In einer Anmerkung am Fuß der Seite wird das Unerklärliche in bester Aufklärungsmanier entzaubert: „Schon längst hatten die Astronomen eine totale Sonnenfinsternis vorausberechnet. Bar Dan hatte die Bekanntmachung unter Todesstrafe verboten und die Astronomen hinrichten lassen. Er selbst hatte auf diesen Zeitpunkt sein Fest angesetzt […]“ (ebd.). Unmittelbar im Anschluss an die Wiederkehr des Lichts stehen sich der Kreuzträger und Bar Dan schließlich gegenüber, und es ist vollbracht:

‚Jesus von Nazareth, falle nieder zur Anbetung deines Herrn!‘
Der Gerufene legt sein Kreuz behutsam nieder und richtet sich hoch.
Da brüllt Bar Dan auf:
‚Hah, wer bist du?‘
‚Wen suchst du, Bar Dan?‘
‚ – – – Jesus von Nazareth!‘
‚Ich bin es!‘
[…]
Die Krone stürzt von seinem Haupte, das Szepter entfällt ihm – Jesus geht ruhig auf ihn zu. – Bar Dan weicht zurück. – Seine Scharen mit ihm – drücken eine Zeltwand ein. – Der Knäuel der Masse, jedes Vertrauens bar, staut sich – die Zinne der Erdspalte bricht unter ihrer Last – ein dumpfes Getöse – – Bar Dan ist nicht mehr – – – aufsteigender Schwefeldampf bezeichnet die Stätte seines Untergangs – – dann ist alles still – alles – – – Eine goldene Krone rollt über den Abhang.
Jesus richtet sein Kreuz auf – hoch ragt es von Oelberg – er erhebt seine Hand:
‚Meinen Frieden geb’ ich Euch!‘
Und die Rezeptoren tragen den Segen über die Ozeane:
‚Meinen Frieden geb’ ich euch!‘ (215f.)

Bilanzierend zu dieser hollywoodtauglichen Erzählung:

  1. Die Passion von Jerusalem erzählt eine Passionsgeschichte, und diese umfasst auch eine Sterbeerzählung, auch wenn Jesus – der Jesus, der die Passion erfährt – nicht stirbt.
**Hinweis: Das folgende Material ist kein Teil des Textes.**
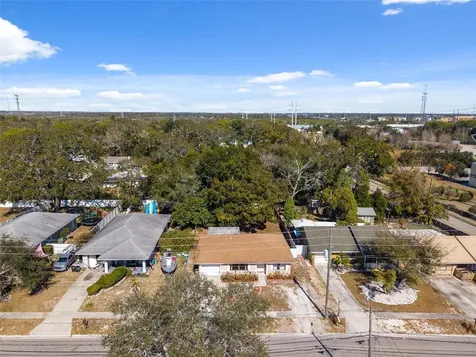 821 Pine Street Tarpon Springs FL 34689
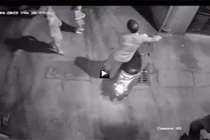 Truy tìm kẻ lạ mặt nghi dâm ô 2 bé gái trong đêm tối ở Hà Nội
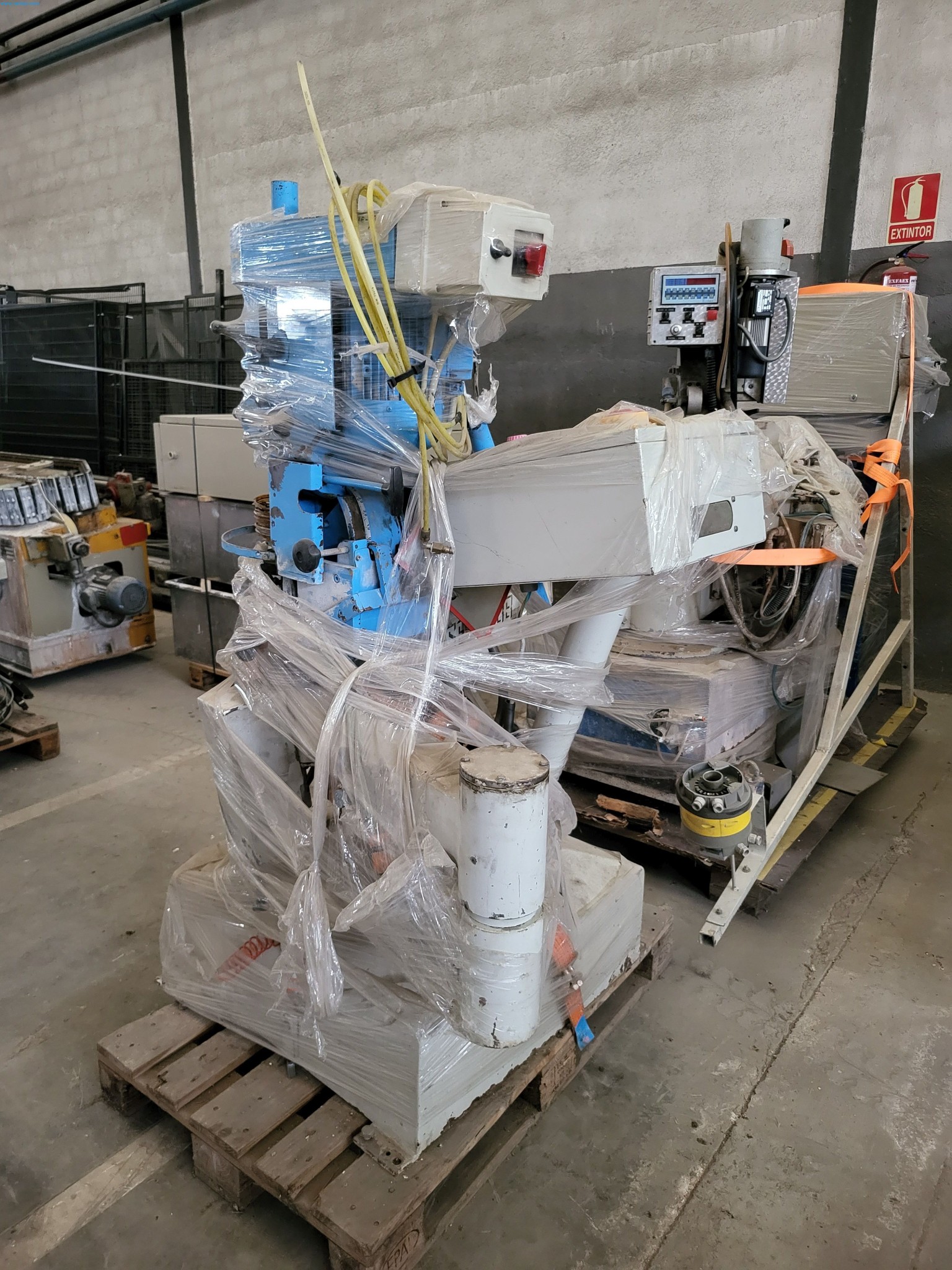 Sale of a complete warehouse of machinery for the glass industry in Spain-3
Es gibt ein Kreuz, aber keine Kreuzigung.

  2. Dieser alternative Verlauf ist möglich, weil in der Erzählung zwei Jesusfiguren auftreten. Achermann überblendet – und das ist tatsächlich eine Idee – zwei heilsgeschichtliche Phasen: Der Jesus des Passionsspiels wird gerettet durch den Jesus, der wiederkehrt zum Gericht; der falsche Jesus einer scheinbar falschen echten Passion wird gerettet vom echten Christus der Parusie. Die theologische Perspektive noch stärker mit der narratologischen verschränkend lässt sich sagen: Das erzählstrukturell einschlägige Motiv der Rettung in letzter Minute / Sekunde wird hier überboten, weil die – profane – Rettung des nackten Lebens aufgehoben wird in die maximale – sakrale – Ordnung der endzeitlichen Erlösung: der Vernichtung des Antichrist. Die irdische Zeit der defensiv-individuellen Rettung wird überführt in die Über-Zeit der offensiv-überindividuellen Erlösung.34

  3. Das Kontrast- oder Komplementärereignis der Auferweckung, das skriptgemäss an die Sterbeerzählung anschließt, spielt in der Erzählung explizit keine Rolle. Implizit ist es jedoch entscheidend, weil die Auferweckung in theologischer Wahrnehmung proleptisch als Garant dafür fungiert, dass sich Christinnen und Christen in der Regel zu einer allgemeinen Auferweckung bekennen; Jesus Christus ist, paulinisch formuliert, der „Erstling“ der Auferweckung (1. Kor 15,20), die zugleich mit dem Gericht über alles Gottfeindliche einher geht.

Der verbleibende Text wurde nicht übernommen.